Through the U.S. Department of Justice, Operation Relentless Pursuit will connect all four federal law enforcement agencies – the Federal Bureau of Investigation (FBI), Bureau of Alcohol, Tobacco, Firearms and Explosives (ATF), Drug Enforcement Administration (DEA) and U.S. Marshals Service – to designated cities with high crime rates.
Barr says that “updated and enhanced crime-fighting techniques,” including the use of new technologies and the help of federal agents, will be deployed to take violent offenders and criminal organizations off the streets.
“We’re matching our rhetoric with resources by committing significant manpower and up to $71 million in additional funding for our federal, state, and local partners,” Barr said.
In an email, MDOC spokesperson Chris Gautz said he had no prior knowledge of the program’s launch.

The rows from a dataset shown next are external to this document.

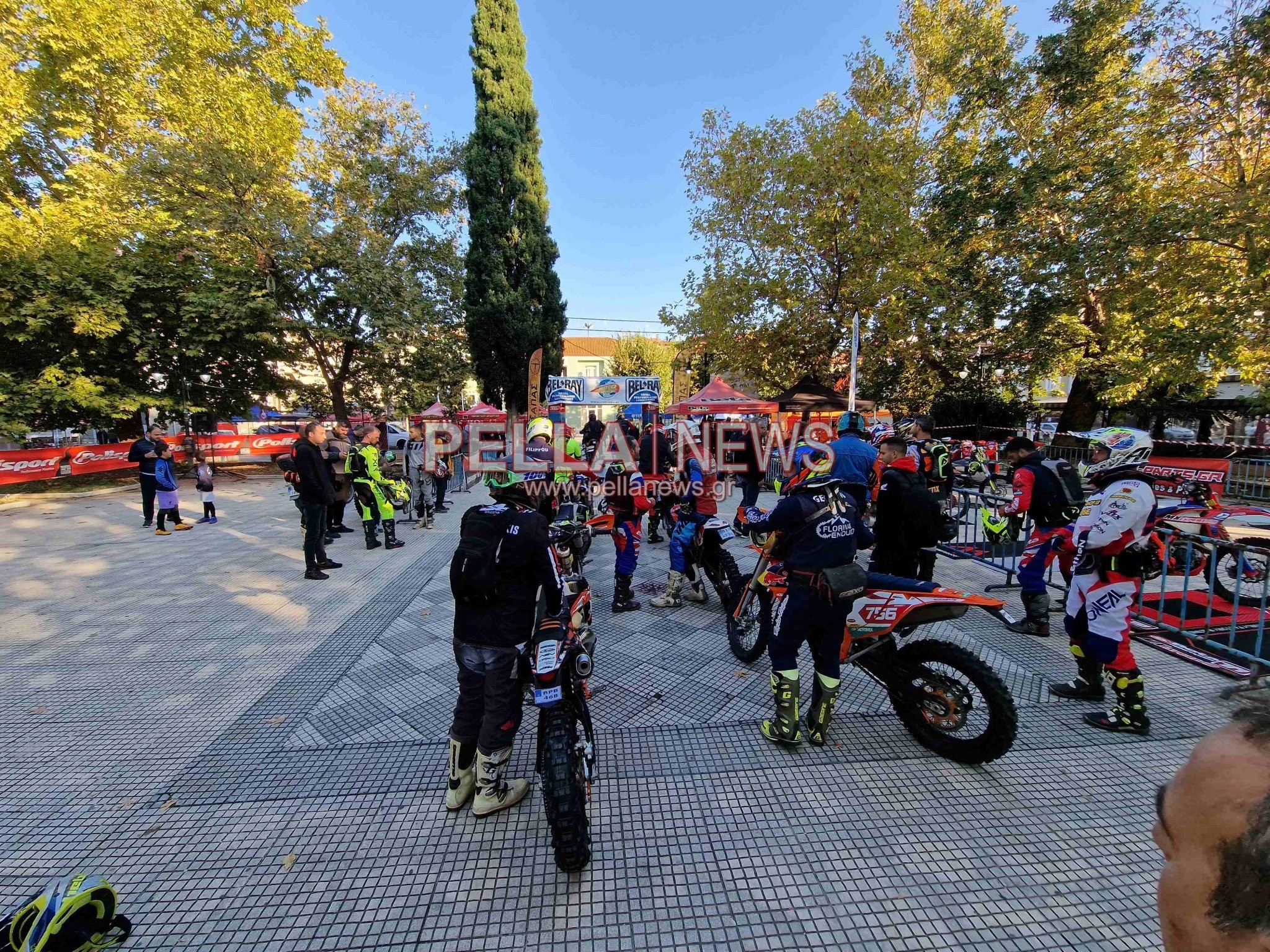 Σε εξέλιξη οι αγώνες Enduro στη Σκύδρα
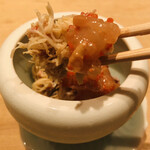 紀尾井町 三谷 - 島海老×蟹身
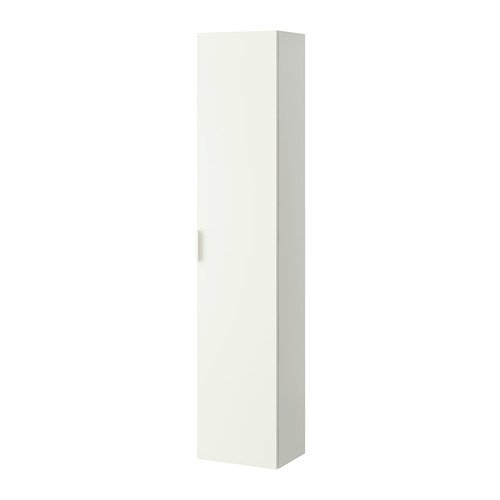 IKEA GODMORGON – Alto armario, color blanco – 40 x 30 x 192 cm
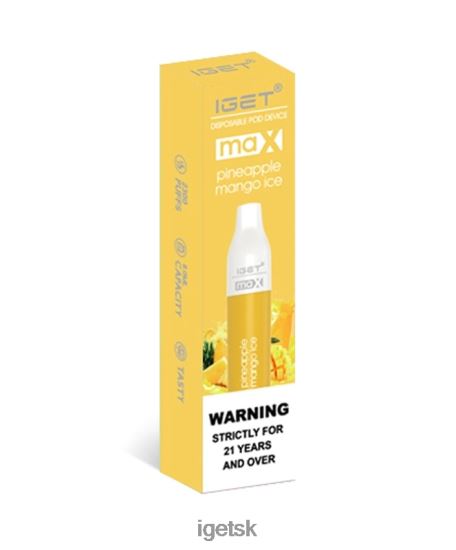 IGET SK - max LR6L6889 ananás mango ľad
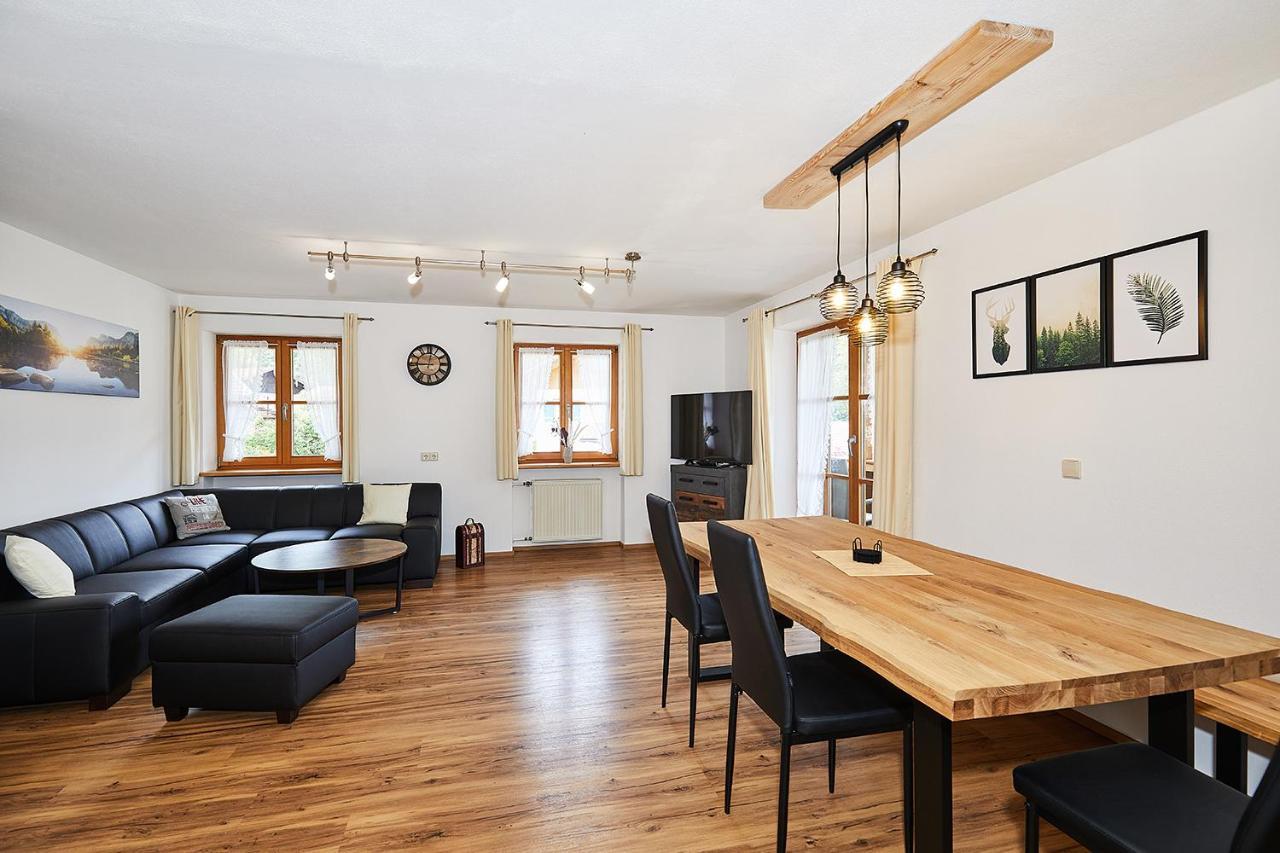 Appartement Haus Kohlpointner à Oberwössen Extérieur photo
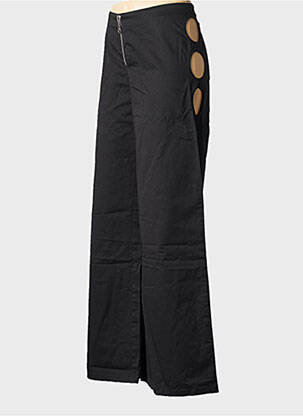 Pantalon larg negru THE RAGGED PRIEST femeie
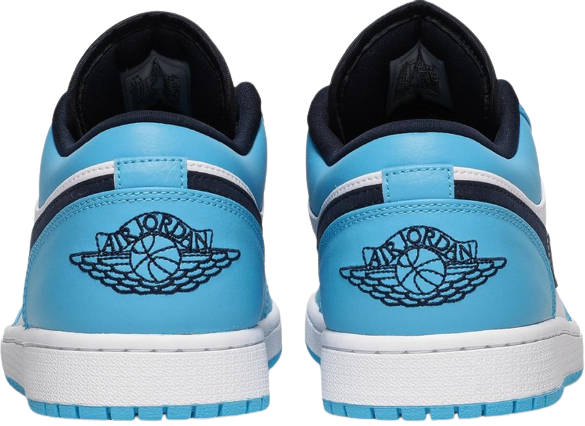 AJ1 Low UNC Blue Coral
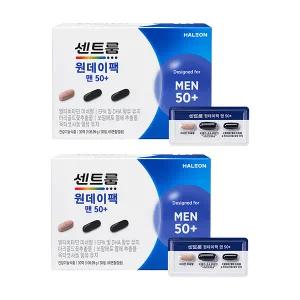 센트룸 원데이팩 맨50+, 2개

Gautz also said that it is unclear how much the MDOC would be involved in the initiative, if at all, since the allocation of federal resources likely means a crackdown on those specifically committing federal crimes.
“We certainly support efforts to reduce crime, but there are many ways to do that,” Gautz said. “At the MDOC, we view our role as working to create long-term public safety by helping to turn around the lives of those who are sent to us by the courts. We learn what their risks and needs are and then put them in programming and in educational opportunities that put them on a better path. Upon release, we ensure they have proper housing, community supports and employment opportunities so that they don’t see the benefit in returning to a life of crime.
“I would be interested to learn more about this new federal initiative and whether there are parts of it we had interest in, or if there are things we are doing that the federal government could learn from,” Gautz added.
Gautz also notes that although Detroit remains the nation’s most violent city, FBI crime data released in September showed a drop in violent crime last year.